No. of solutions - 4

$y^{2}=1+x+x^{2}$

$x^{2}+x+(1-y^{2})=0$ .

Let this be a quadratic equation related to $x$ .From quadratic formula we have :

$x=\frac{-1 \pm \sqrt{1-4*1*(1-y^{2})}}{2}$ .

$x=\frac{-1 \pm \sqrt{4y^{2}-3}}{2}$ .

Since $x$ must be an integer then the discriminant must be a perfect square.We have the equation:

$4y^{2}-3=m^{2}$ for some integer $m$ .

$(2y+m)(2y-m)=3$ .

Since both factors are integers we have the following equations:

$2y+m=3$

$2y-m=1$ .

Solving these equations we get $y=1$ .Plugging these value into the quadratic formula we get $x=0,-1$ .Note that if in the above system we change the places of the constants ie $3$ and $1$ ,this wont affect the problem at all producing in the end the same solutions.Lets proceed with our solution.
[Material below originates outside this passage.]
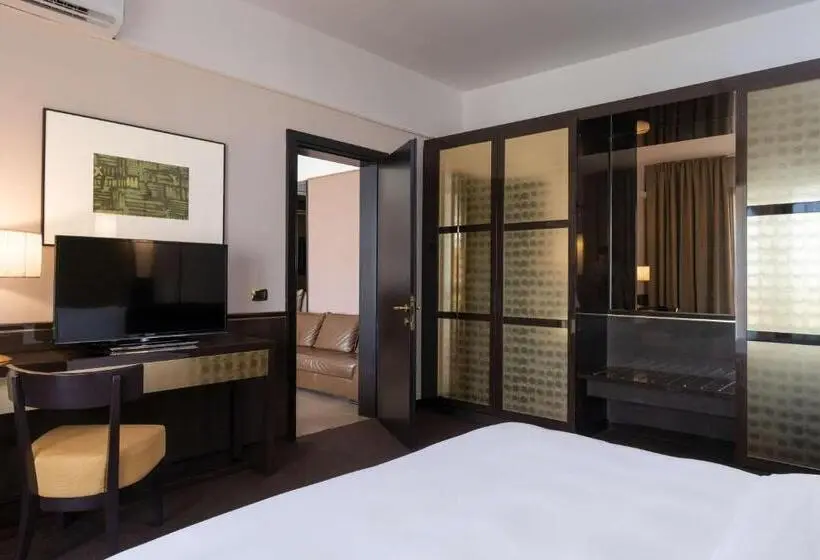 Suite with Terrace, Radisson Blu Hotel N Djamena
There is also another system of equations we need to consider since the factors are integers and not $positive$ integers.That is:

$2y+m=-3$

$2y-m=-1$ .

Solving we get $y=-1$ .Plugging in this value into our quadratic formula we get $x=0,-1$ . Thus ,there are in total $\boxed{4}$ solutions which are :

$(0;1),(-1;1),(-1;-1),(0;-1)$ .

$y^2=1+x+x^2$ can be rearranged into $y^2-1=x+x^2$ which can be written as $(y+1)(y-1)=x(x+1)$ . From this we can see that if $x=0, y= -1$ and $x=0, y=1$ . Also, if $x=-1, y=1$ and $x=-1, y=-1$ . These are already four solutions so there is no need to check for more since that is the highest option. So the solution is $\boxed{4}$

Isn't the answer hidden in the question name?